There are many things that stand out about it, a subject, an object, an action, that while incredulous, millions of young people immediately relate to, carried along by a fair amount of shock and awe. Pretty standard fare. What no one, not even our newsroom could have anticipated was how quickly this one tweet would snowball into a movement that would force political aspirants to weigh in on the issue, and the Nigerian Police to react.

Social media has become ubiquitous to our modern life. So much so that after damning and cursing social media sharing for nearly a decade, our octogenarian grandparents have become its biggest proponents, championing inaccurate Whatsapp broadcasts and resharing content that reaches them with the same enthusiasm they would pass on newspaper articles. This quantum shift has been predicated by three factors things; ease of communication, ease of sharing and the promise of community. With each progressive upgrade, technology companies streamline their social media products to work on us on a molecular level, to become so seamlessly integrated into our lives and our value systems that we can scarcely function without them. It has taken our grandparents a while to join the herd, but now they have and they have brought with them, the attention of government, business and social corporations eager to carve a piece of the attention pie for themselves.

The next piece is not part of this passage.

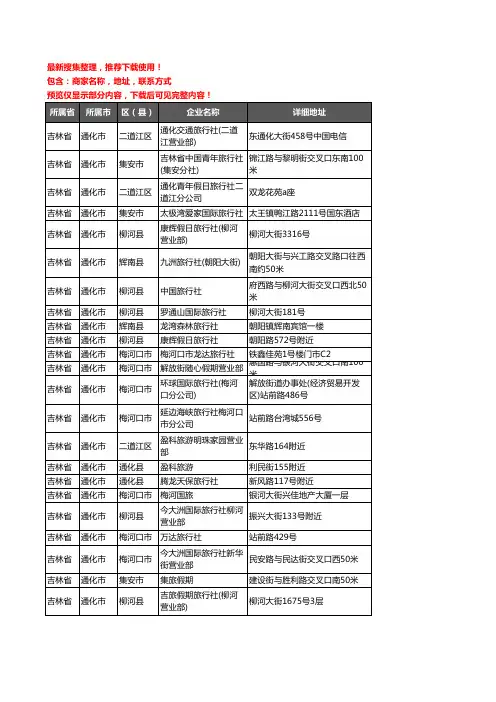 新版吉林省通化市旅行社企业公司商家户名录单联系方式地址大全41家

The extent to which social media has infiltrated the everyday lives of Nigerians became apparent during the 2015 elections. What originally started as a trickle of tweets from influencers quickly grew into a tidal wave of Twitter bots spewing propaganda about the two main presidential candidates (then president Goodluck Jonathan of the Peoples Democratic Party (PDP), and General Muhammadu Buhari of the All Progressives Congress (APC)). At some point there were thousands of accounts created for the sole purpose of pushing political rhetoric. Political analysts like Mukhtar Alexander Dan’Iyan, known on social media as AyeDee and Ayobami Ayolowo known as Ayourb rose to political prominence on the strength of their social media presence and unrelenting political rhetoric. The elections were monitored on social media with many independent observers either live-tweeting proceedings or sharing videos on Facebook or Instagram. By the end of the elections, millions of tweets had gone out, each one subtly influencing the eventual outcome of the events. Because of the outsize effect of social media around that cycle, the Federal Government created active social media presences for all its important persons and offices and has taken to routinely disseminating information real time on Twitter-Facebook before they use traditional channels.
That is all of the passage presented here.